K.P. Sasi


The first time I met Javed Anand was in the early eighties. I met him since my close friend Paul Kurien used to admire the significance of his work. Javed used to be part of a documentation centre at that time. Paul Kurien who was a brilliant mind is a deep memory even now for many common friends. I found Javed as a deeply reflective person, who is extremely focused in his work, warm and compassionate.


Later I came to know that he had joined the Times of India as a journalist and he had a partner called Teesta Setelvad who was also working as a journalist. After that I had various occasions to meet them individually as well as together in different places. I must confess that each meeting was inspiring for me as much as their relentless work, which made me an admirer of their dedication and passion.

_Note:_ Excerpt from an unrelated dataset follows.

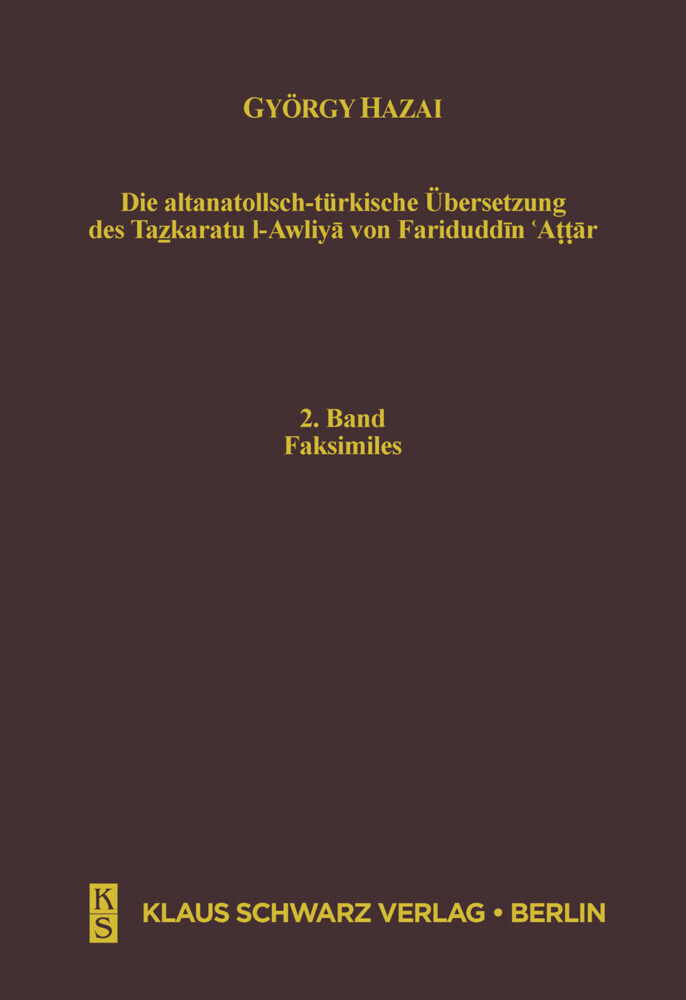 Die altanatolisch-türkische Übersetzung des Tazkaratu l-Awliya von Fariduddin 'Attar main product photo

When two senior journalists, Teesta Setelvad and Javed Anand left a well paid job and started a magazine called Communalism Combat, I never knew, that such a bold decision would become one of the greatest historical decisions of their personal lives which would connect the lives of millions of people later in this country – those who keep aspiring for a consistent dream of two words called `Secular India’ enshrined in the Indian Constitution. I never knew then, that their efforts would become such a prominent symbol in some of India’s greatest fights to preserve justice, peace and harmony in direct conflict with those machineries who play with the lives of millions of people using religion as a tool.


The historic step of starting Communalism Combat was motivated by the violence which Javed and Teesta witnessed on the minority communities in Mumbai in 1992-93, immediately after the demolition of Babari Masjid. Sometimes, certain incidents can change your life altogether for the rest of your life. When Mumbai burnt, even some of the secular sections tried to protect their securities, instead of raising their voices for a secular India. But a few of them expressed enormous courage to face the insecurities. Javed and Teesta decided to leave their well paid jobs to face insecurities using their skills. With no salaries coming from their skills they initiated the effort of Communalism Combat in a shed in Juhu.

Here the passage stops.